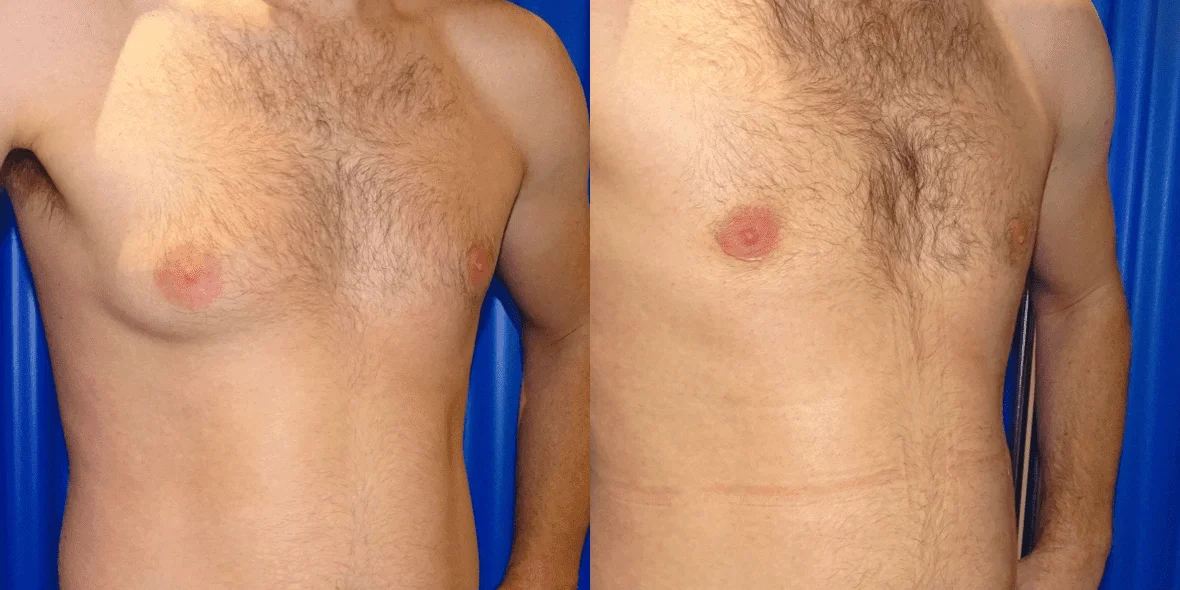 Gynecomastia Before/ After - Front View Close-Up
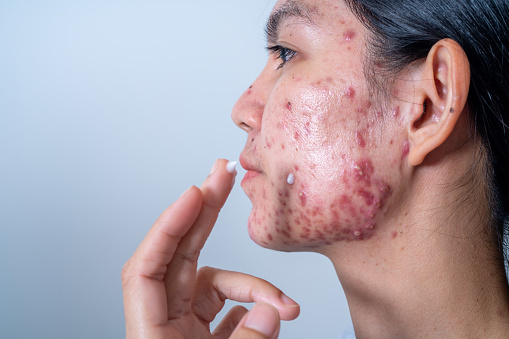 Acne on face because the disorders of sebaceous glands productions.  Acne or a Cosmetic Allergy. Hormonal changes and Foods Cause Symptoms of Skin Allergies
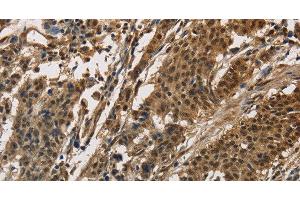 Immunohistochemistry of paraffin-embedded Human gasrtic cancer tissue using CCAR1 Polyclonal Antibody at dilution 1:40 (CCAR1 antibody)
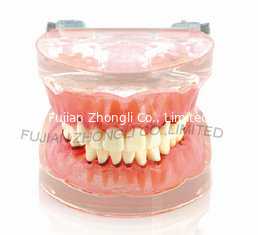 China Dental Transparent gingivitis model pathology oral model dental calculus with metal jaw frame new supplier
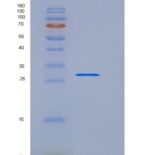 人TWF1 / PTK9 / Twinfilin-1重组蛋白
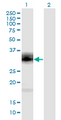 Proenkephalin / PENK Antibody - Western Blot analysis of PENK expression in transfected 293T cell line by PENK monoclonal antibody (M04), clone 9E7.Lane 1: PENK transfected lysate (Predicted MW: 29.48 KDa).Lane 2: Non-transfected lysate.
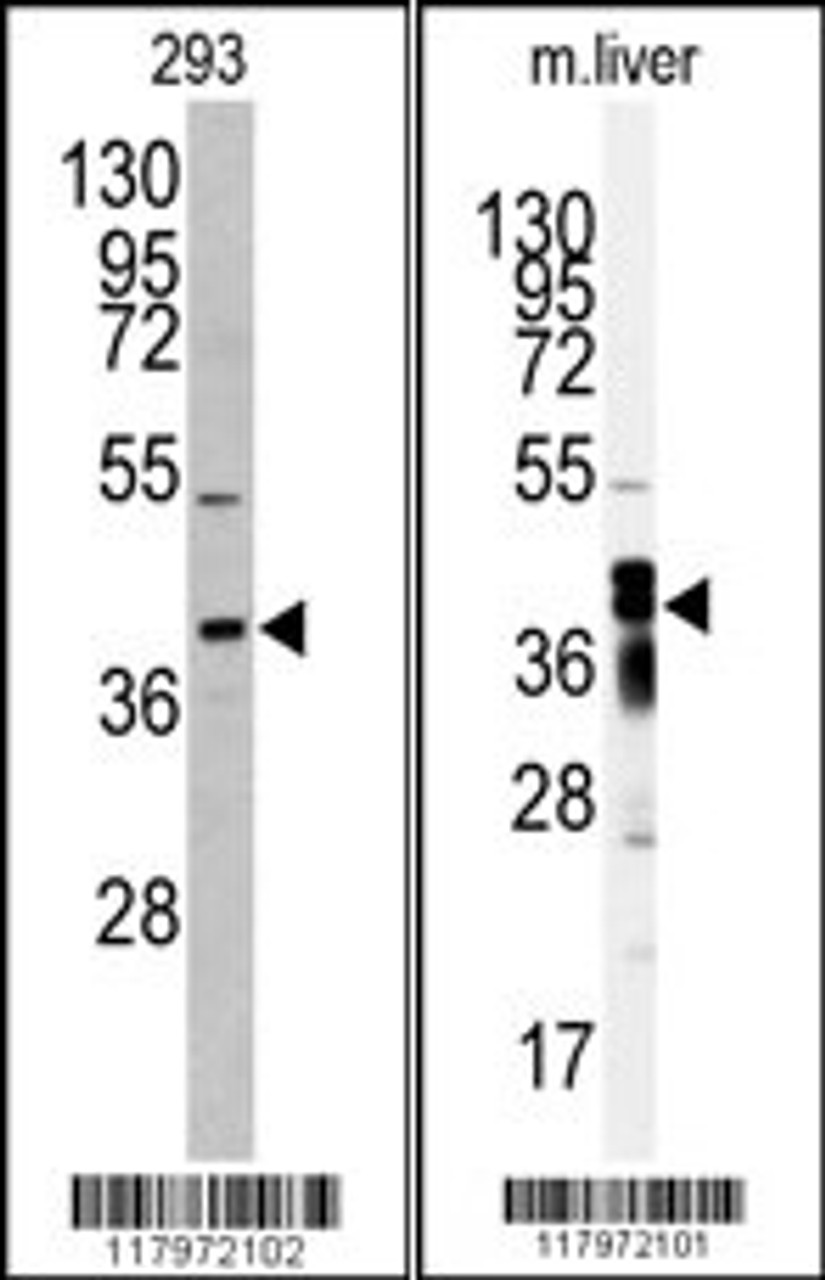 Western blot analysis of anti-AKR7A2 antibody in 293 cell line lysates (35ug/lane) Western blot analysis of anti-AKR7A2 Antibody in mouse liver tissue lysates (35ug/lane) .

※

Problem to work on
Set each line of the records down exactly, leaving every picture out.

Solution for this task
 Gynecomastia Before/ After - Front View Close-Up
 Acne on face because the disorders of sebaceous glands productions.  Acne or a Cosmetic Allergy. Hormonal changes and Foods Cause Symptoms of Skin Allergies
 Immunohistochemistry of paraffin-embedded Human gasrtic cancer tissue using CCAR1 Polyclonal Antibody at dilution 1:40 (CCAR1 antibody)
 China Dental Transparent gingivitis model pathology oral model dental calculus with metal jaw frame new supplier
 人TWF1 / PTK9 / Twinfilin-1重组蛋白
 Proenkephalin / PENK Antibody - Western Blot analysis of PENK expression in transfected 293T cell line by PENK monoclonal antibody (M04), clone 9E7.Lane 1: PENK transfected lysate (Predicted MW: 29.48 KDa).Lane 2: Non-transfected lysate.
 Western blot analysis of anti-AKR7A2 antibody in 293 cell line lysates (35ug/lane) Western blot analysis of anti-AKR7A2 Antibody in mouse liver tissue lysates (35ug/lane) .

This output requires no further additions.